Connecticut has become the 17th state do away with the death penalty after Gov. Dannel P. Malloy signed legislation on Wednesday to repeal it, effective immediately. He signed the bill at a private ceremony attended by lawmakers, clergy and family members of crime victims.

Capital punishment will now be replaced with a maximum sentence of life in prison without the possibility of parole.

There are 11 men currently on death row in Connecticut, but Malloy said they were far more likely to die of old age than be put to death.

Malloy, a former prosecutor, said his position on the issue evolved over time.

As a young man, I was a death penalty supporter. Then I spent years as a prosecutor and pursued dangerous felons in court, including murderers, he said. In the trenches of a criminal courtroom, I learned firsthand that our system of justice is very imperfect.

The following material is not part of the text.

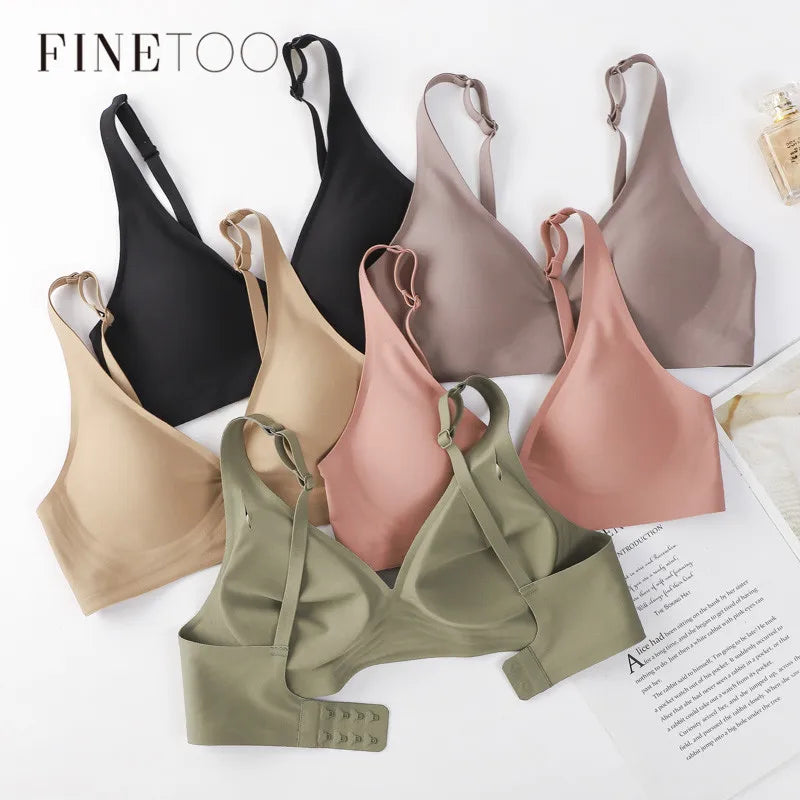 FineToo Comfy hypoallergenic Soft Wireless Bra Women Deep V Bras Sexy Bralette Padded Bra S-XL Female Seamless Underwear Comfortable Ladies Lingerie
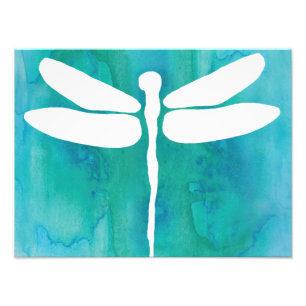 Impression Photo Libellules blanches de bleu d'Aqua d'aquarelle de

While it's a good system designed with the highest ideals of our democratic society in mind, like most of human experience, it is subject to the fallibility of those who participate in it.

I saw people who were poorly served by their counsel, he added. I saw people wrongly accused or mistakenly identified. I saw discrimination. In bearing witness to those things, I came to believe that doing away with the death penalty was the only way to ensure it would not be unfairly imposed.

He said the unworkability of Connecticut's death penalty law was also another factor that led to his decision.

Malloy said that in the last 52 years, only two people have been put to death in Connecticut. Both volunteered for it, he added.

Instead, the people of this state pay for appeal after appeal, and then watch time and again as defendants are marched in front of the cameras, giving them a platform of public attention they don't deserve, Malloy said. It is sordid attention that rips open never-quite-healed wounds.